BEGIN

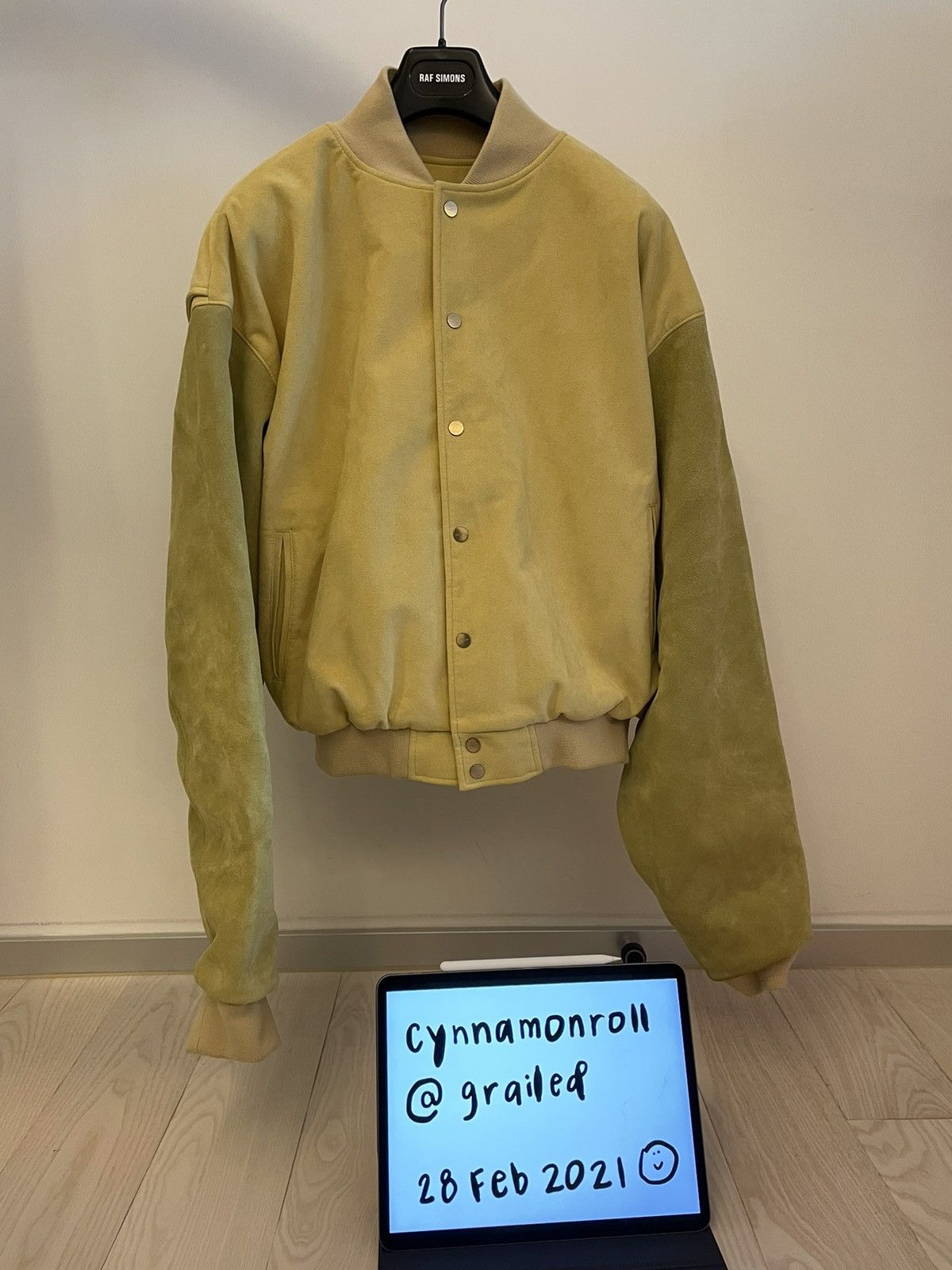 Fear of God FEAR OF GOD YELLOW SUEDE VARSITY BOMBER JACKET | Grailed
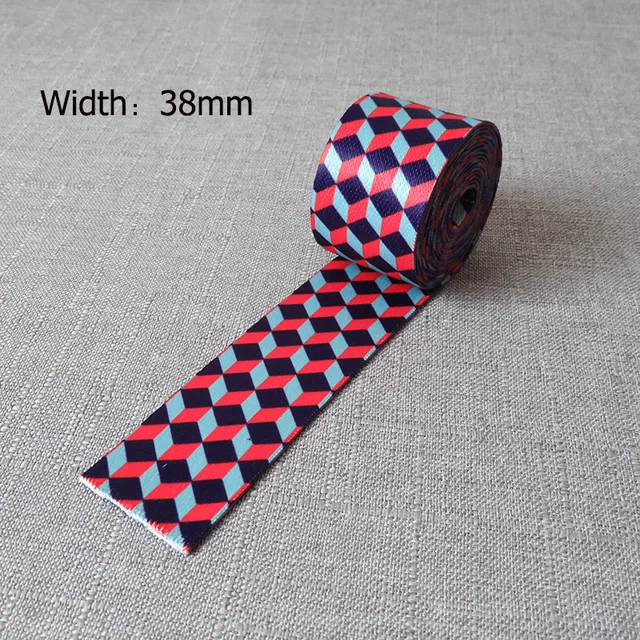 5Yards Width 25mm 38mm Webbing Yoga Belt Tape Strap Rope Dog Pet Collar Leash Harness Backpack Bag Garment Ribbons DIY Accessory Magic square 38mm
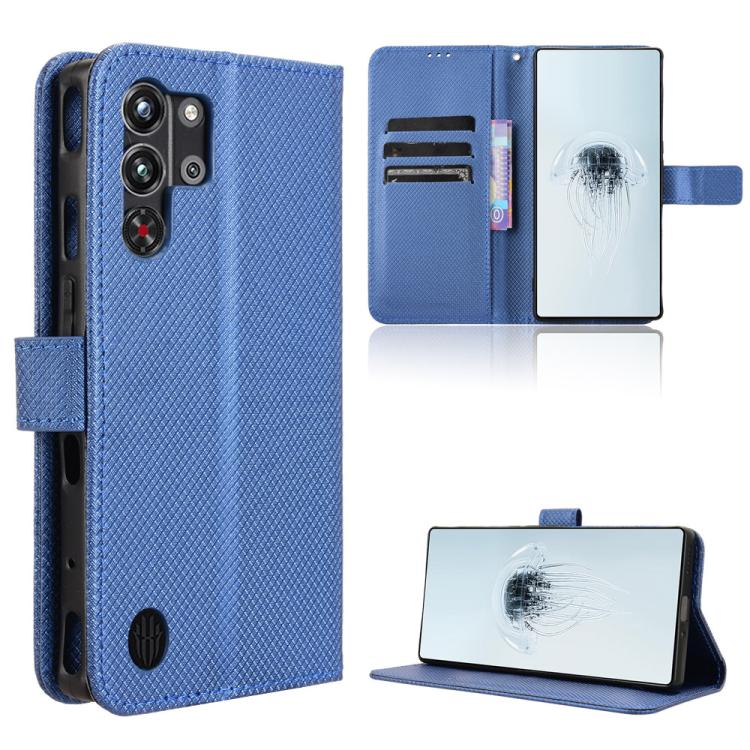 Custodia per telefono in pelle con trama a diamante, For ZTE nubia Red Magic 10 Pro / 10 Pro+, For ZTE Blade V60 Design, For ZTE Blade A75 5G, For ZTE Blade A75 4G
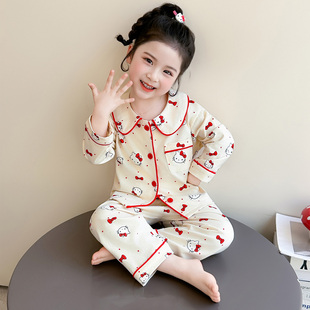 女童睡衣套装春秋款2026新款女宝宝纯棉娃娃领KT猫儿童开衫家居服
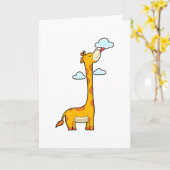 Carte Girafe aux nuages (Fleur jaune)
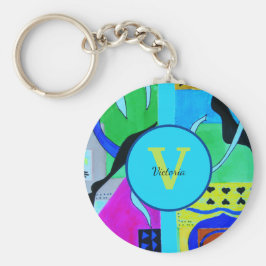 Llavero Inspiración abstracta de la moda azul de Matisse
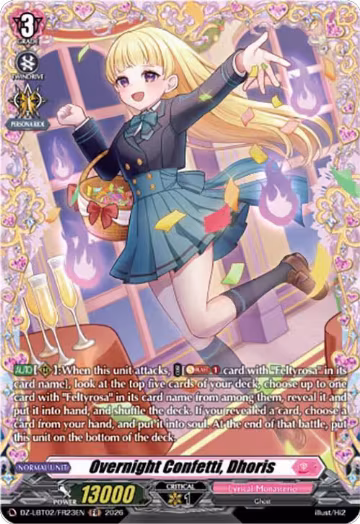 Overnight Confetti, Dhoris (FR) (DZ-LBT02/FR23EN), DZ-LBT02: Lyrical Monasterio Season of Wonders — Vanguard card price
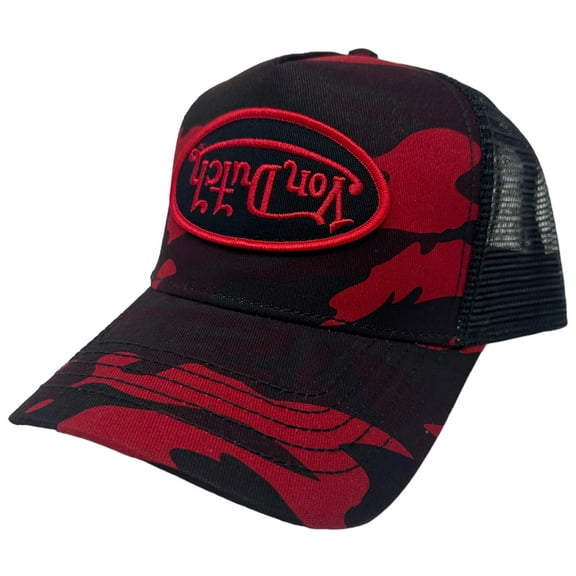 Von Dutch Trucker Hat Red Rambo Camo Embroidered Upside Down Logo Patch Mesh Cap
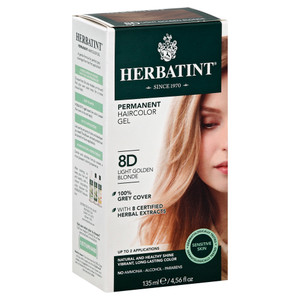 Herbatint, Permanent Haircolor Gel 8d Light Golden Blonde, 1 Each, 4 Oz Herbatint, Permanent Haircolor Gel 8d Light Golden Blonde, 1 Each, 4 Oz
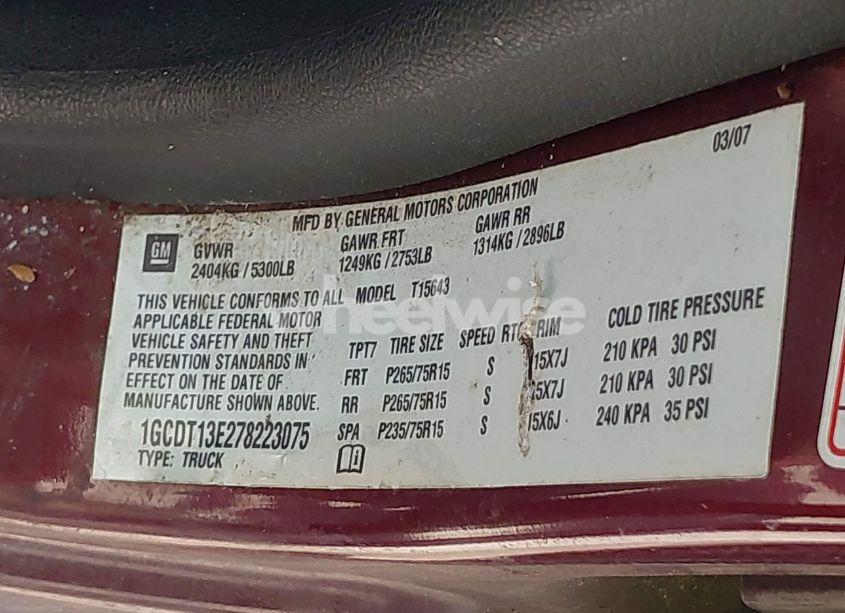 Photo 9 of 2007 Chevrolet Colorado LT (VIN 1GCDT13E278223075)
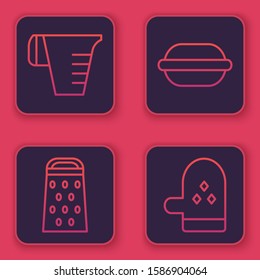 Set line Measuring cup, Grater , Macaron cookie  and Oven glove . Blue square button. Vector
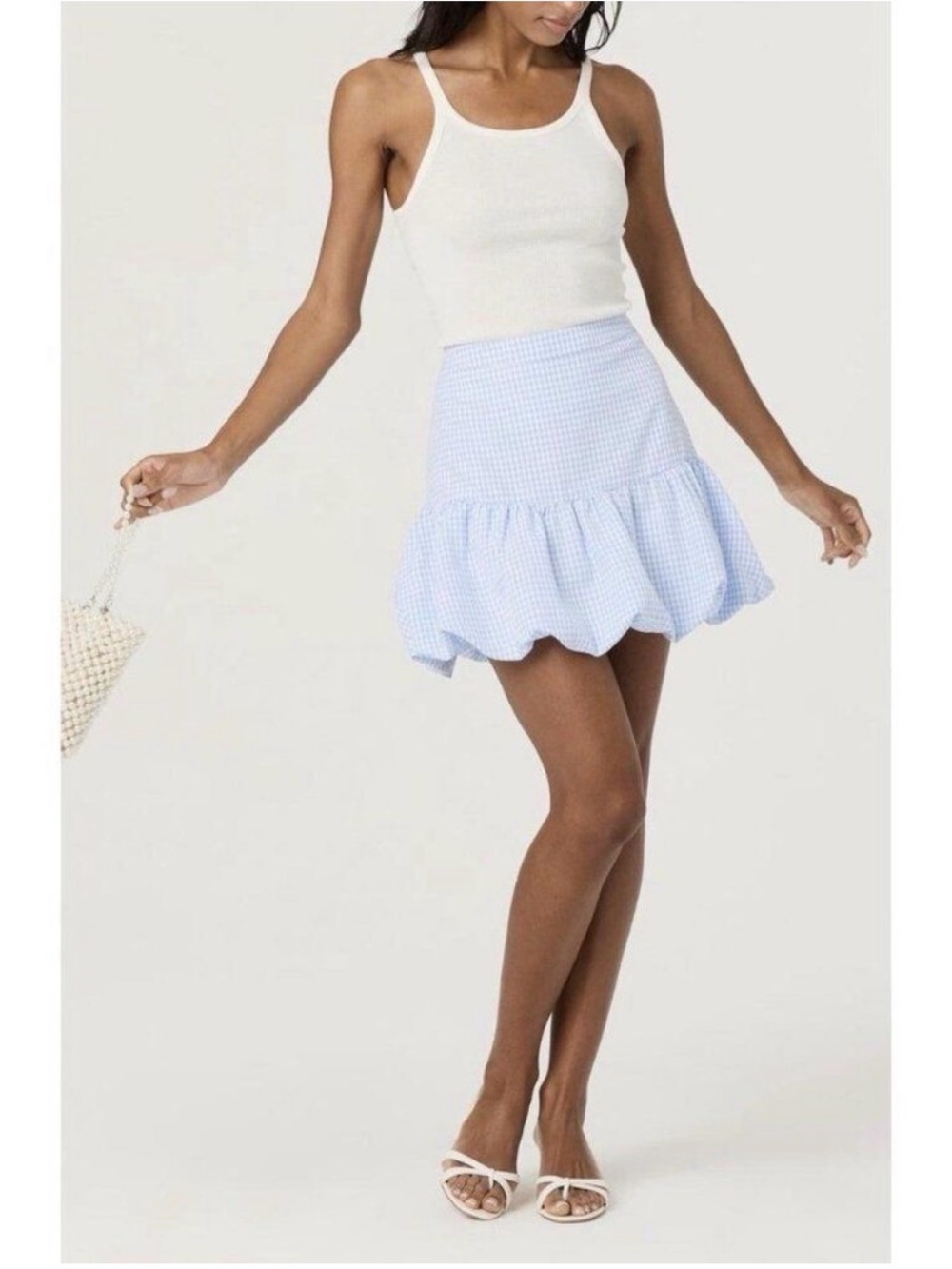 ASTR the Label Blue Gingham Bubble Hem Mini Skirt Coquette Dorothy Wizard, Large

END

## Problem statement
In the records above, find the line that contains "Set line Measuring", then write it out along with every line after it, exactly, through the last one. Leave the pictures out.

## Task result
 Set line Measuring cup, Grater , Macaron cookie  and Oven glove . Blue square button. Vector
 ASTR the Label Blue Gingham Bubble Hem Mini Skirt Coquette Dorothy Wizard, Large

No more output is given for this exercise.